Sandy_huang Adversarial Attacks on Neural Network Policies 2017

[TOC]

Summary of paper

in this work, we show adversarial attacks are also effective when targeting neural network policies in reinforcement learning. Specifically, we show existing adversarial example crafting techniques can be used to significantly degrade test-time performance of trained policies.
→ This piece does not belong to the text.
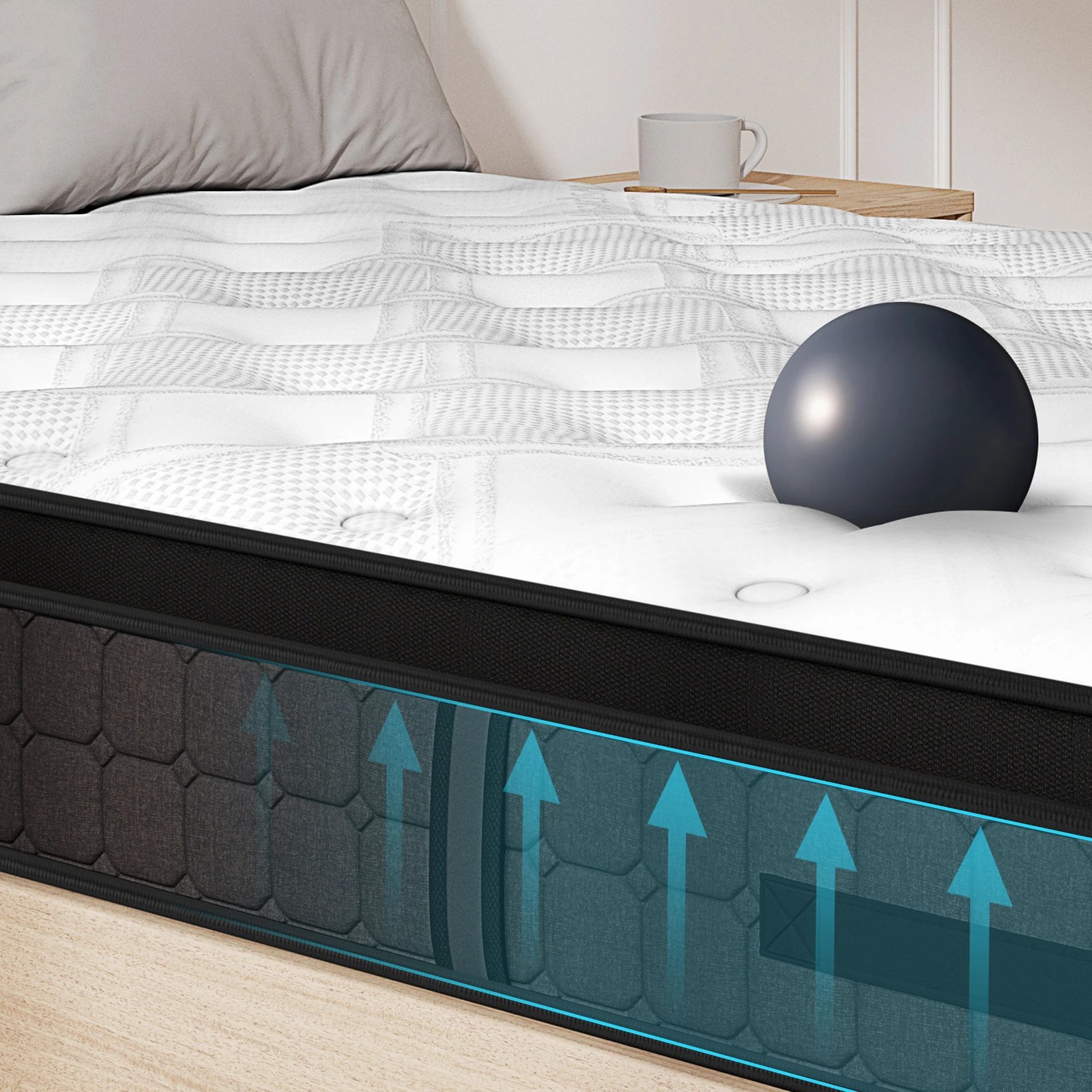 6 Alfordson Mattress 26cm Bonnell Spring Medium Firm Double-Sided EuroTop - King Bed, 6 of 9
we characterise the degree of vulnerability across tasks and training algorithm, for a subclass of adversarial example attacks in white-box and black-box settings.
regardless of the learned tasks or training algorithm, we observed a significant drop in performance, even with small adversarial perturbations that do not interfere with human perceptions.
main contribution is to characterise how the efffectiveness of adversarial examples is impacted by two factors: the deep RL algorithm used to learn the policy and whether the adversary has access to the policy network

Limitation

adversarial example crafting with the fast gradient sign method

it is common to use a computationally cheap method of generating adversarial perturbations, even if this reduces the attack rate somewhat.
Fast Gradient Sign Method (FGSM)
- focuses on adversarial perturbations where each pixel of the input image is changed by no more than $\epsilon$, given a linear function $g(x) = w^T x$, the optimal adversarial perturbation $\eta$ that satisfies $||\eta||_\infty < \epsilon$
- $\eta = \epsilon \text{ sign}(w)$
In essence, FGSM is to add the noise (not random noise) whose direction is the same as the gradient of the cost function with respect to the data.
sign is the direction of the gradient, not the magnitude

Applying FGSM to Policies

Vulnerability to white box attacks

we find that regardless of which game the policy is trained for or how it is trained, it is indeed possible to significantly decrease the policy’s performance through introducing relatively small perturbation.
we see that policies trained with A3C, TRPO, and DQN are all susceptible to adversarial inputs. Interestingly, policies trained with DQN are more susceptible.